**About this exercise:** What must be written out is each line from the one holding "ComfyUI + Krita 安装配置" through the end of the records, word for word, minus any pictures.
----
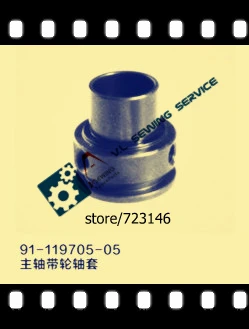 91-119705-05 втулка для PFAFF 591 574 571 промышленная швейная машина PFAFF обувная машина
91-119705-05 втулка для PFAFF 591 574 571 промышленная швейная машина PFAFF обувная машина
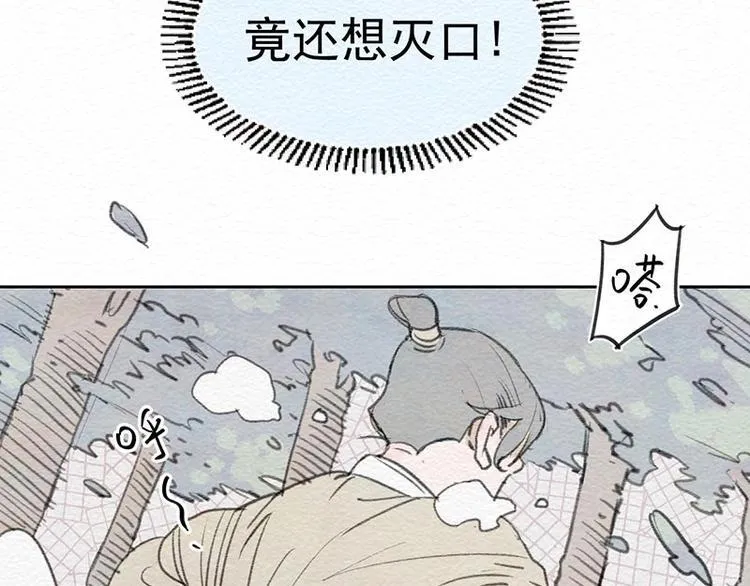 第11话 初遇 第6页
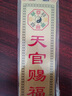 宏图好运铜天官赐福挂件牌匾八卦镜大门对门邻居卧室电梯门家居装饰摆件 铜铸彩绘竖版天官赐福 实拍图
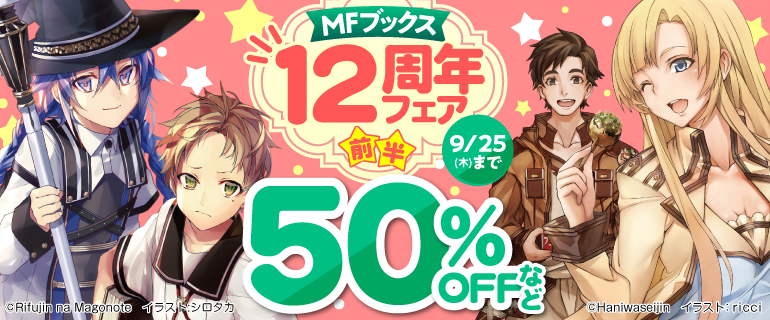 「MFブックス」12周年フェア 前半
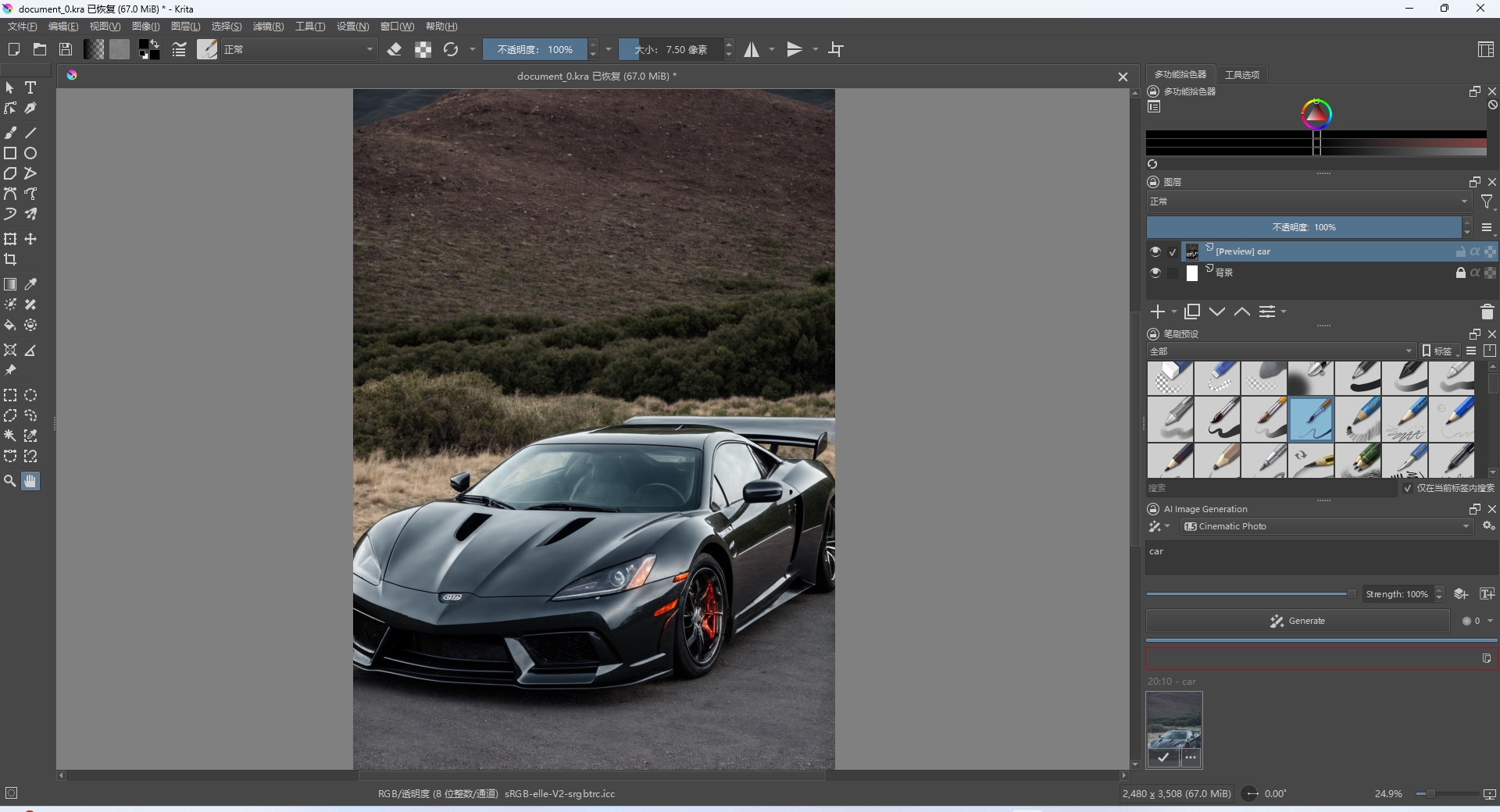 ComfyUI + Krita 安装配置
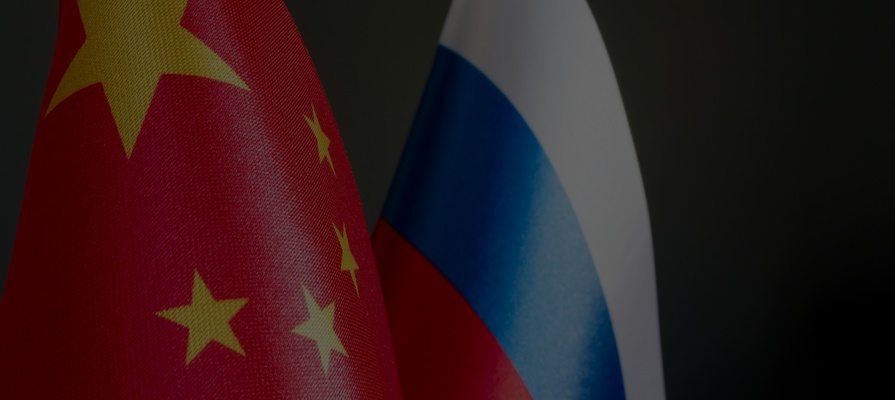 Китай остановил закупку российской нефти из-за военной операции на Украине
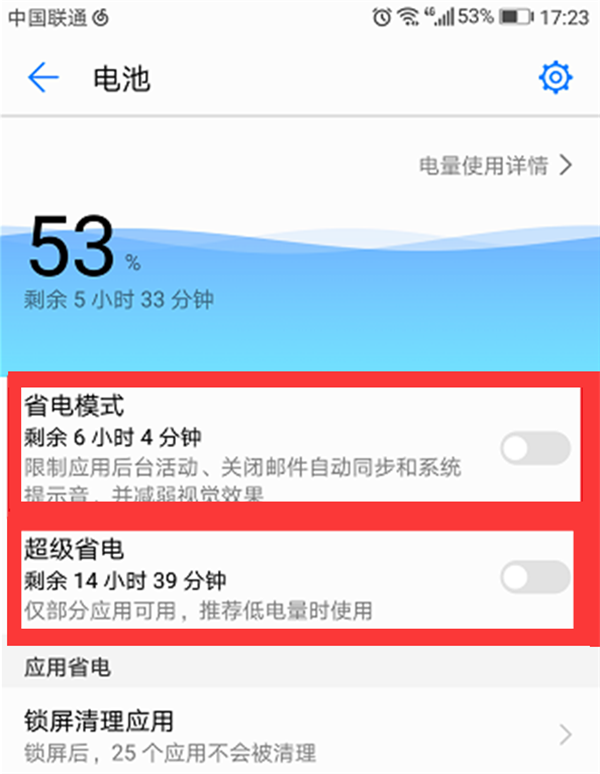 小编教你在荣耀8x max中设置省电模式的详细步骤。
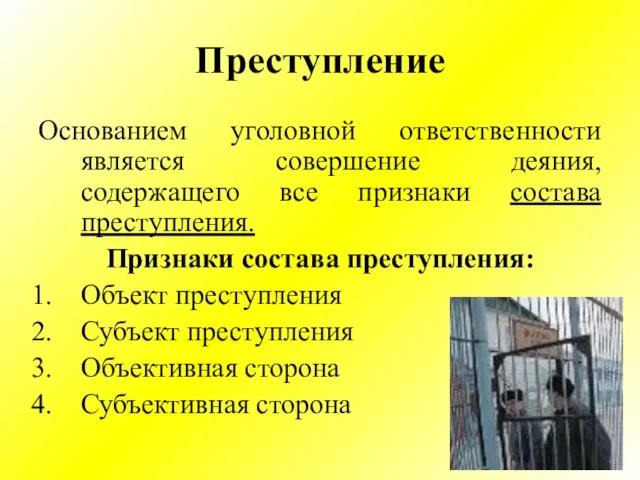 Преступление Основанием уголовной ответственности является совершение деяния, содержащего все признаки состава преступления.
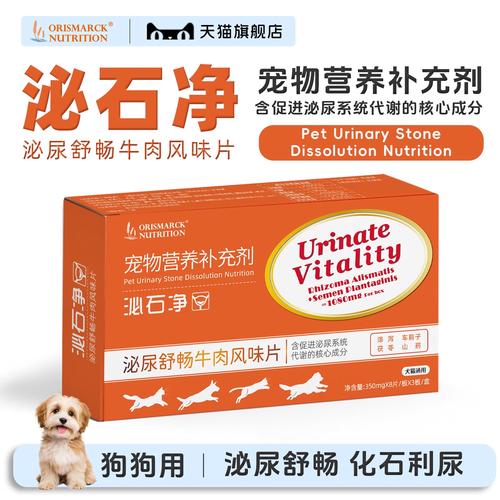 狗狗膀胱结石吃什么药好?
----
**Exercise solution:**
 ComfyUI + Krita 安装配置
 Китай остановил закупку российской нефти из-за военной операции на Украине
 小编教你在荣耀8x max中设置省电模式的详细步骤。
 Преступление Основанием уголовной ответственности является совершение деяния, содержащего все признаки состава преступления.
 狗狗膀胱结石吃什么药好?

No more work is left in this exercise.